WHAT IS BEING ASKED. Go through the data below. List every line that holds the word "Volkswagen".

[Entries taken from a collection]
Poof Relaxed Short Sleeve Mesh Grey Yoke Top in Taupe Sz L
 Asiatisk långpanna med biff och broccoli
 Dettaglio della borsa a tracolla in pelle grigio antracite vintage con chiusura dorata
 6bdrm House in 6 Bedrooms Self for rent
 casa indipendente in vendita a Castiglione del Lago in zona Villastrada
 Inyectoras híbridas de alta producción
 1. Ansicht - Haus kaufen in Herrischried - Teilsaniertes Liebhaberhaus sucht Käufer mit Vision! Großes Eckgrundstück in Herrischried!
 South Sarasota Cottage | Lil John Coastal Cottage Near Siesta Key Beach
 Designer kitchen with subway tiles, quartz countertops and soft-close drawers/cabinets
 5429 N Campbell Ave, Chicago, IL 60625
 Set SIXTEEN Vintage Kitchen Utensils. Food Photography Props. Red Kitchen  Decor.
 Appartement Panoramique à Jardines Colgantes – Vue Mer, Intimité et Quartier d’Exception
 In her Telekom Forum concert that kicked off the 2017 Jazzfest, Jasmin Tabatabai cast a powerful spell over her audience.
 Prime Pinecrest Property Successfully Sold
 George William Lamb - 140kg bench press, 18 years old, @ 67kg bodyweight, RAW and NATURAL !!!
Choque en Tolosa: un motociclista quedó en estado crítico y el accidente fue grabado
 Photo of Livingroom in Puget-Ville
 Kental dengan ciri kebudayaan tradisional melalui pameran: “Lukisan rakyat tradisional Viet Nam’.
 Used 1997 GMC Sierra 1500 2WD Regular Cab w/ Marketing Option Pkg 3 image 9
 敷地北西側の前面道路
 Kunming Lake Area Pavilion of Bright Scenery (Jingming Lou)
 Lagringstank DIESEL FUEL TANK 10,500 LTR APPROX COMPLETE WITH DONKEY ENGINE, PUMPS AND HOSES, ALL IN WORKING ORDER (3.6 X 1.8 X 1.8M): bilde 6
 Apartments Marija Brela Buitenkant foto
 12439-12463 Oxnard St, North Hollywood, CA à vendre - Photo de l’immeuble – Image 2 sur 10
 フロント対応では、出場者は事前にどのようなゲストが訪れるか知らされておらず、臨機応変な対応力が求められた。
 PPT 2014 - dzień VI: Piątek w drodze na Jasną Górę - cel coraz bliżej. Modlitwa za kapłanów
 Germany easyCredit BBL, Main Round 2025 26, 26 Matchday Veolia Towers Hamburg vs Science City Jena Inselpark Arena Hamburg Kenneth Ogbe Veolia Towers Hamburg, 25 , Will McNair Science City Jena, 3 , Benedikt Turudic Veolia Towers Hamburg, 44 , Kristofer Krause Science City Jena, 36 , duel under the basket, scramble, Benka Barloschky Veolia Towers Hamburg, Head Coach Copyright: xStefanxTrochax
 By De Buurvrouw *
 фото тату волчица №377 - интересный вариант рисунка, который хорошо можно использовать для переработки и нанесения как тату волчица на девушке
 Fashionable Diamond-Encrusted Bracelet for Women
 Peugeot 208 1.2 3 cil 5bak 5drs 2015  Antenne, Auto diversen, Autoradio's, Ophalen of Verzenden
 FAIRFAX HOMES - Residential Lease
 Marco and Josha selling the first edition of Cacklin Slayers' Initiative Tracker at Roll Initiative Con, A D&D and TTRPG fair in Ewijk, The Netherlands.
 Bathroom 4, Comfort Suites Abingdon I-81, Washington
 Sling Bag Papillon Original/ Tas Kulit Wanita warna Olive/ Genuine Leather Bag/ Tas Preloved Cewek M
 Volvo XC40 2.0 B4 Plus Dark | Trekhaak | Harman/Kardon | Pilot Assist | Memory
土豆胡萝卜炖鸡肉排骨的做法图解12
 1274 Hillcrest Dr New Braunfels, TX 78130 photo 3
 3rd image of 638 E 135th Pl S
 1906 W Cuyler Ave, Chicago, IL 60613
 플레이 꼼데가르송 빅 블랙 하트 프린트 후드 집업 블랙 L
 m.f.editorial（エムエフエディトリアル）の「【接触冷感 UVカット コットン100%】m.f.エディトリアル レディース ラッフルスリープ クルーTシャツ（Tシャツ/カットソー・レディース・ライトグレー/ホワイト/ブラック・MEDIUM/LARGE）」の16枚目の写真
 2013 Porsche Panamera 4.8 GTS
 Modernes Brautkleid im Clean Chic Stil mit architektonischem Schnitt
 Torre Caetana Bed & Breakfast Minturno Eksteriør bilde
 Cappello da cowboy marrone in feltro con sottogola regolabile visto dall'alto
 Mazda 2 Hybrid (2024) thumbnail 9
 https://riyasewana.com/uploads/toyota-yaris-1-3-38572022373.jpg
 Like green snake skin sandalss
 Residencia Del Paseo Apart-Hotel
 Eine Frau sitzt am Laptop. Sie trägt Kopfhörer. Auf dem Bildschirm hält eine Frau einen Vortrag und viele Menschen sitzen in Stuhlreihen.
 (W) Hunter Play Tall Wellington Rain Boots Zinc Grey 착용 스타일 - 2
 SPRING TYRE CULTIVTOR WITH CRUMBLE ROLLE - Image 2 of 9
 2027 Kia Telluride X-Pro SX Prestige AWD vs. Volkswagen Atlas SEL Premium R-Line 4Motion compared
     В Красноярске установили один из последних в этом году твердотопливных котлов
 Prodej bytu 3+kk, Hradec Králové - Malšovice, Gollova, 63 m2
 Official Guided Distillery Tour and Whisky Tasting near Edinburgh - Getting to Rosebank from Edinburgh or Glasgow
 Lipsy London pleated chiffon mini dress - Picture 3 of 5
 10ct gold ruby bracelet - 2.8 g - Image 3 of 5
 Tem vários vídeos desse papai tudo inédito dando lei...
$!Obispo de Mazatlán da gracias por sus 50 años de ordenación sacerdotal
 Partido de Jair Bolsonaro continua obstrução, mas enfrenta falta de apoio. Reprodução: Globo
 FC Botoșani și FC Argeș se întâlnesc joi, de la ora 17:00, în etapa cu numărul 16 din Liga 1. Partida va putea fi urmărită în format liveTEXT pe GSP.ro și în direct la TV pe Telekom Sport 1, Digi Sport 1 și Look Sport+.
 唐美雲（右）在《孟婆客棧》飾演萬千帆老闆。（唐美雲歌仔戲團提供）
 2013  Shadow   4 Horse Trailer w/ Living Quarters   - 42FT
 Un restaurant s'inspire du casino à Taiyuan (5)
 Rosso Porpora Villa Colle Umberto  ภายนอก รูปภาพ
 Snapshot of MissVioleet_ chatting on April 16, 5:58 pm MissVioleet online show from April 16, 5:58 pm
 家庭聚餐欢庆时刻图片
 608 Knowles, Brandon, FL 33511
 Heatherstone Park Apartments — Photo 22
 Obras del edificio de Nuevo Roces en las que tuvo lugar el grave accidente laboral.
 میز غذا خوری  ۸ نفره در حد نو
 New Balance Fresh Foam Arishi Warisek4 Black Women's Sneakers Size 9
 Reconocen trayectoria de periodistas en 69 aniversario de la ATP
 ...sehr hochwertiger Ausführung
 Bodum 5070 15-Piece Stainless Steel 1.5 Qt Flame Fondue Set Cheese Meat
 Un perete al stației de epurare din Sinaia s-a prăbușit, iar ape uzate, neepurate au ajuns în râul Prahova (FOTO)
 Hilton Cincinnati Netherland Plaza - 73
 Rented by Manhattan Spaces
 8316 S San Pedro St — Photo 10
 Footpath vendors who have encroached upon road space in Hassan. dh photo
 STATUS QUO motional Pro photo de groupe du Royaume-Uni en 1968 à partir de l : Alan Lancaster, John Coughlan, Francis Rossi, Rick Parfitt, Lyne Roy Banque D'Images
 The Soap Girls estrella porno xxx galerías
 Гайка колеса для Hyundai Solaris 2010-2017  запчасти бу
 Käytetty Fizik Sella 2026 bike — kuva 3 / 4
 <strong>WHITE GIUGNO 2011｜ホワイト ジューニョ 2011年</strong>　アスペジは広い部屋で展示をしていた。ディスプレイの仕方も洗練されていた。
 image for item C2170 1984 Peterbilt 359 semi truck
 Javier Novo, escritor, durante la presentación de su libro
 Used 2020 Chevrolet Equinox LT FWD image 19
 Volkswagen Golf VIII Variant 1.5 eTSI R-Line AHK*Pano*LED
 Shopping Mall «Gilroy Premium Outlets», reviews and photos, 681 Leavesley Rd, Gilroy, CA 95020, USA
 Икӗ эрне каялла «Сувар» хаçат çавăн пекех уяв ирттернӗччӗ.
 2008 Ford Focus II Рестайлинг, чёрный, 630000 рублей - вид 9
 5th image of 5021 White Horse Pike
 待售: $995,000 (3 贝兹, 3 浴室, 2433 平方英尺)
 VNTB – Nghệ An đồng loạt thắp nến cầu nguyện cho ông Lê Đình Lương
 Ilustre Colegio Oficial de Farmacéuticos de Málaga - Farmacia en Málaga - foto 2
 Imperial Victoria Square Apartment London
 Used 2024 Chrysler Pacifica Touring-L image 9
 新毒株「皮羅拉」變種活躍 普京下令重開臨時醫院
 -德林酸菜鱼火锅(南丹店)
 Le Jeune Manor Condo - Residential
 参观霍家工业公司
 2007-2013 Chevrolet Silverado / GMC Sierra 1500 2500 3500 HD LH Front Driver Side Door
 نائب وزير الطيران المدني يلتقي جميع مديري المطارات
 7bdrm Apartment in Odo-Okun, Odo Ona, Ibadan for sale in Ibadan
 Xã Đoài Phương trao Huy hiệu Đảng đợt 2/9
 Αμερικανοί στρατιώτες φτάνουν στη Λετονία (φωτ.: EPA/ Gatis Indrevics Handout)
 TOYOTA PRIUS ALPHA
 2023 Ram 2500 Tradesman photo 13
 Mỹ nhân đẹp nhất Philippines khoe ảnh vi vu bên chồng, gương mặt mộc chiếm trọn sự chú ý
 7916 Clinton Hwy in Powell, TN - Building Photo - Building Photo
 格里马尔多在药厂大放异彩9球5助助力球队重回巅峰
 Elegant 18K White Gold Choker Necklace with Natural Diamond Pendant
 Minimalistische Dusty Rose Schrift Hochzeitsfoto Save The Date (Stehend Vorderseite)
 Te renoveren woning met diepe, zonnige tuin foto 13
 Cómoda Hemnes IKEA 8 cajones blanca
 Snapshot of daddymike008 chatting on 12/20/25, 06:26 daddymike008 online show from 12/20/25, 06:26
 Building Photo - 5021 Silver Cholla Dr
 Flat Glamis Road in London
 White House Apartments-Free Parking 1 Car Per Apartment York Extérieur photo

RESPONSE FOR THIS EXERCISE.
 2027 Kia Telluride X-Pro SX Prestige AWD vs. Volkswagen Atlas SEL Premium R-Line 4Motion compared
 Volkswagen Golf VIII Variant 1.5 eTSI R-Line AHK*Pano*LED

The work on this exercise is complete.